11/03 15-859(D) Randomized Algorithms
Randomized algorithms for number-theoretic problems.
Today: Randomized algorithms for testing primality.
==============================================================================
The basic idea of how we will use randomness is that we'll have some
"bad" subset of Z_n^*, and we want to pick a number outside it. Even
if we don't understand how to do that algorithmically, if we can show
that this "bad" subset is actually a SUBGROUP of Z_n^*, and
furthermore if we can show there EXISTS even just one element outside
of it, then we know at least HALF of Z_n^* is outside the set (since
the size of a subgroup divides the size of the group). So, we can get
elements outside of the set by picking randomly.
==============================================================================
First, in all the algorithms we will assume that n is odd, not a prime
power, and not a perfect square. (These are fine to assume since we
can always begin by checking if the square-root, cube-root, etc. of n
is an integer, and if so saying "composite".)
Here's a BPP algorithm for primality testing. This one is probably the
easiest to analyze, and I think is due to Lehmer.
Repeat k times:
* Pick a in {1,...,n-1} at random.
* If gcd(a,n) != 1, then output COMPOSITE.
[this is actually unnecessary but conceptually helps]
* If a^{(n-1)/2} is not congruent to +1 or -1 (mod n),
then output COMPOSITE.
Now, if we ever got a "-1" above output "PROBABLY PRIME" else output
"PROBABLY COMPOSITE".
Theorem: this procedure has error probability at most 1/2^k.
Proof: if n is really prime, then in each iteration we get
a^{(n-1)/2} = -1 (mod n) with probability 1/2, so we get a -1 at least
once with probability 1 - 1/2^k. If n is composite, the proof of
success will follow from the lemma below with t = (n-1)/2.
Key Lemma: Let n be an odd composite, not a prime power, and let t <
n. If there exists a in Z_n^* such that a^t = -1 (mod n), then at
most half of the x's in Z_n^* have x^t = {-1,+1} (mod n). In fact, we
can weaken the condition to simply that there exists a in Z_n^* such
that a^t is not congruent to +1 (mod n).
Proof: Let S = {x in Z_n^* : x^t = +1 or -1 (mod n)}. S is a subgroup
of Z_n^* since it's closed under multiplication (xy)^t = (x^t)(y^t)

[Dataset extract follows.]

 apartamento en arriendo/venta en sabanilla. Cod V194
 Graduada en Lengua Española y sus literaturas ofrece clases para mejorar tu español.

and inverse (x^{-1})^t = (x^t)^{-1}. So we just need to find some b
in Z_n^* not in S. (So, the "weakened condition" is equivalent to the
stronger condition because if a^t is not congruent to -1 (mod n), then
we're done.) Let n = q * r, where q and r are relatively prime
and greater than 1. Let b = (a,1), where we're using CRT notation:
b = a (mod q) and b = 1 (mod r). Note that b^t = (a^t, 1^t) = (-1,1).
Therefore, b is not in S since 1 = (1,1) and -1 = (-1, -1). QED.

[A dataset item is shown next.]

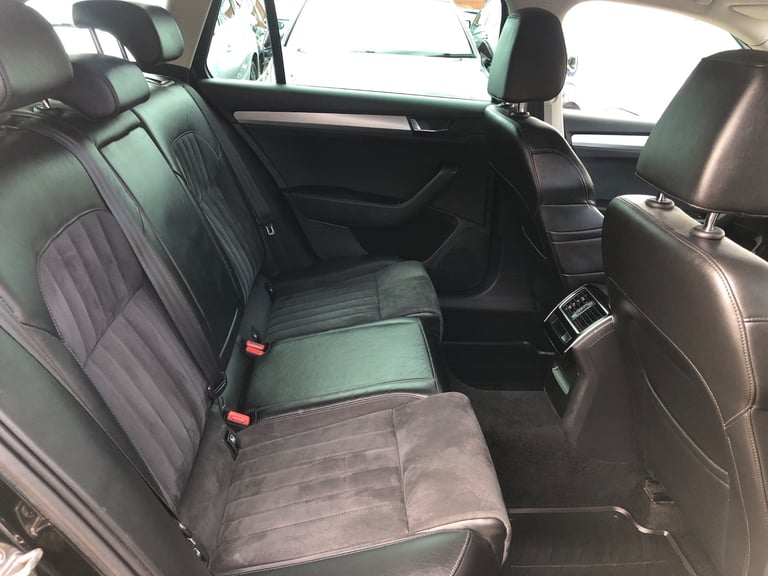 2018 Skoda Superb 2.0 TDI CR SE Technology 5dr DSG [7 Speed] ESTATE Diesel Automatic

========================================================================
An aside: it's clear that primality is in co-NP: if a number is
composite, there is a short witness: namely, a factor. Is primality
in NP? Yes. Here's an idea due to Pratt:
If n is prime, then there is a generator g such that g^{n-1} = 1 (mod n)
and g^{(n-1)/k} is NOT congruent to 1 (mod n) for any prime divisor k
of n-1. If n is not prime, then no such g exists, in particular
because for any g, order(g) divides phi(n) which is less than n-1.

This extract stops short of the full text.